The study of parabolic problems on Riemannian manifolds lies at the intersection of differential equations, geometry, and analysis. Parabolic problems typically arise from heat equations, which describe diffusion processes. On Riemannian manifolds, these problems are naturally formulated in the context of geometric analysis, where the manifold is endowed with a Riemannian metric that influences the behavior of solutions.

A parabolic problem typically refers to a partial differential equation with a time evolution that is governed by a second-order differential operator, such as the heat operator. In Euclidean space, the simplest form is the heat equation:

$${\displaystyle \frac{\partial u}{\partial t}}=\Delta u,$$

where $u(x,t)$ is the unknown function, and $\Delta$ is the Laplacian. These problems have applications in various areas of mathematics and physics, especially in the study of geometric evolution, diffusion processes, and analysis on curved spaces.

On a Riemannian manifold $(M,g)$, where g is the Riemannian metric, the heat equation is generalized to the following:

$${\displaystyle \frac{\partial u}{\partial t}}={\Delta }_{g}u,$$

where ${\Delta }_g$ is the Laplace–Beltrami operator, a generalization of the Laplace operator to curved spaces.
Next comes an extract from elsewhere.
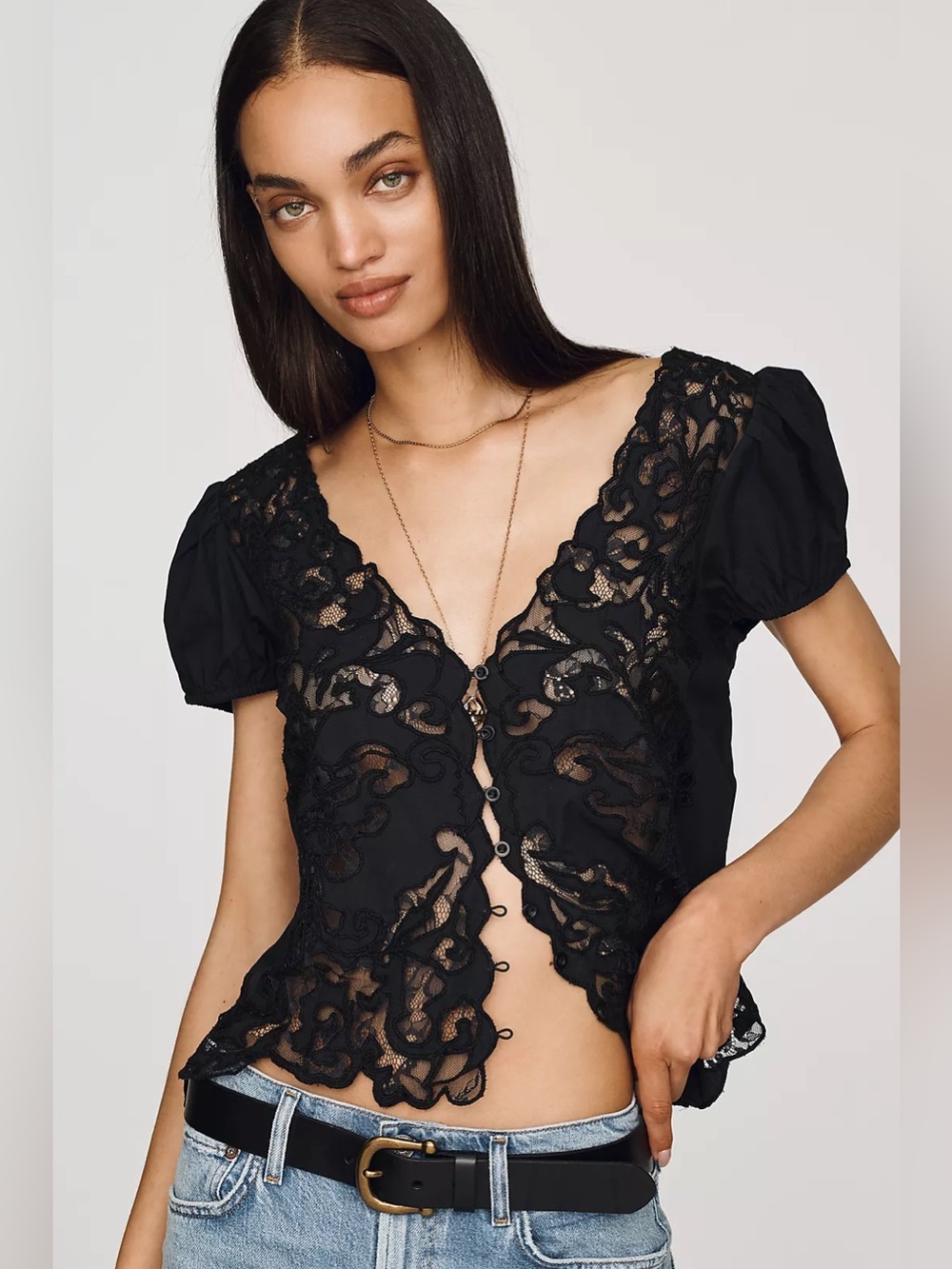 NWT By Anthropologie Lace Puff-Sleeve Top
The Laplace–Beltrami operator is defined in terms of the metric g and involves the covariant derivatives and the curvature of the manifold.

In this paper, we consider a smooth compact manifold $(M^n,g)$, $n\ge 3$, and we discuss the existing results of non-negative solutions for the following perturbed heat equation:

$$\begin{array}{c}\hfill \left\{\begin{array}{cc}{\displaystyle \frac{\partial u}{\partial t}}=({\Delta }_{\mu }+V)u,\hfill & \mathrm{in}M\times (\delta ,T),0<\delta <T\le +\infty ,\hfill \\ u(x,\delta )=u_{\delta }\left(x\right),\hfill & x\in M,\hfill \end{array}\right.\end{array}$$

(1)

where $\mu$ is a Radon measure on M with full support, and ${\Delta }_{\mu }$ is the Laplace–Beltrami operator on M, $u_{\delta }\in L^2(M,\mu )$, $V\in L^2(M\times [\delta ,T],d\mu dt)$.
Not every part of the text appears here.